The picture also provides a scintillating film debut for young Arthur Kennedy, forerunning his turn playing the younger brother to another boxer in Champion (1949), opposite Kirk Douglas. Cagney’s not a bad man to have for a brother either and their dynamic is one of the most compelling aspects of this relatively slight drama.
It all begins with a rather peculiar framing device with an all-knowing drifter (Frank Craven) posing his commentary on “The Big Apple” and the world of interpersonal relationships that exist all around him. Because each individual has different talents and aspirations, at its most instinctual level, City for Conquest is about the trajectory of each character in tandem to one another. Thus, the story is most concretely driven by its characters while being enriched by that prototypical Warner Bros. grit and street corner brand of atmosphere.
For one, Danny Kenny (Cagney) tries his luck in the boxing ring taking on the name “Young Sampson,” not necessarily because of ambition but for the pure fact, it puts grub on the table and provides means to pay for his little brother’s musical education. Backed by promoter Scotty MacPherson (Donald Crisp) and supported by buddies Mutt (Frank McHugh) and Pinky (George Tobias), he tenaciously makes his way up the ranks toward the welterweight title.
Although he has nothing to show for it yet, Eddie Kenny (Kennedy) has a knack for compositions and he’s moved his brother with his city symphony, despite his lack of musical knowledge, because music has the power to speak to even everyday folks on a visceral level.
Meanwhile, Peg Nash (Sheridan) is terribly smitten with Danny and yet in the same breath aspires to be a first-class dancer. She meets an arrogant yet talented bloke (Anthony Quinn) out on the dance floor and is enticed with a career just like she’s always dreamed about.
The girl breaks his heart as much as you can break Jimmy Cagney. He takes it like a man while still feeling betrayed. To add insult to injury, his climactic bout is rigged due to the resin dust illegally sprinkled on his opponent’s gloves. Not only does Danny unfairly lose the fight but his career is permanently terminated with his eyesight impeded for good. Eddie shouts for the senseless beating to end as Peg cries to herself over the radio broadcast besides herself over Danny’s loss. It affects Danny physically while the others are casualties of a different kind.
It’s all but inevitable that the picture will end in some gangster knockoff job with the boy’s big shot pal Googie (Elia Kazan) seemingly ready to give the crooked wrenches who tampered with the fight their comeuppance. And the side of the underworld set on the east river with bodies to dispose of certainly has its place. But the underlining factor is despite their struggles, our three protagonists are allowed to find a swatch of contentment.
Eddie is finally able to realize his musical ambitions and gain the repute of the masses in his first show while Danny and Peg are reunited to live life as they were always meant to — together. Though her dancing aspirations have been curtailed and his sight lost, their future remains shimmering with hopefulness.

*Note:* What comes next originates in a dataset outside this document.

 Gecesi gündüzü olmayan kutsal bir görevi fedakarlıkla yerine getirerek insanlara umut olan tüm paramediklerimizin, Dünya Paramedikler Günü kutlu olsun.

One could easily comment that City For Conquest‘s themes riff off of Golden Boy in the way music and the boxing ring are juxtaposed, one next to the other. In this case, it’s the two brothers who represent the two seemingly incongruent worlds. And yet the biggest implication is that a rough and tumble guy like Cagney can still have a beating heart and a sensitivity for song even as he goes day in and day out pounding people in the ring. The two worlds are not mutually exclusive by any means.

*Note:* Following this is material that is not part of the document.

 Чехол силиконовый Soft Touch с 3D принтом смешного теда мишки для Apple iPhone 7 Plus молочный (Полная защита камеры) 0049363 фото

We certainly know who our main players are but again it’s the robust and jovial nature of the full ensemble making it even more diverting. Ward Bond shows up as a disgruntled cop there, Charles Lane as a no-nonsense promoter here, and Jerome Cowan is ready to rib his competition over a few boxing ring bets. They don’t have to be the focal point because that’s not requisite for being entertaining. I greatly admire the character actors of old for what they are able to create even within meager means.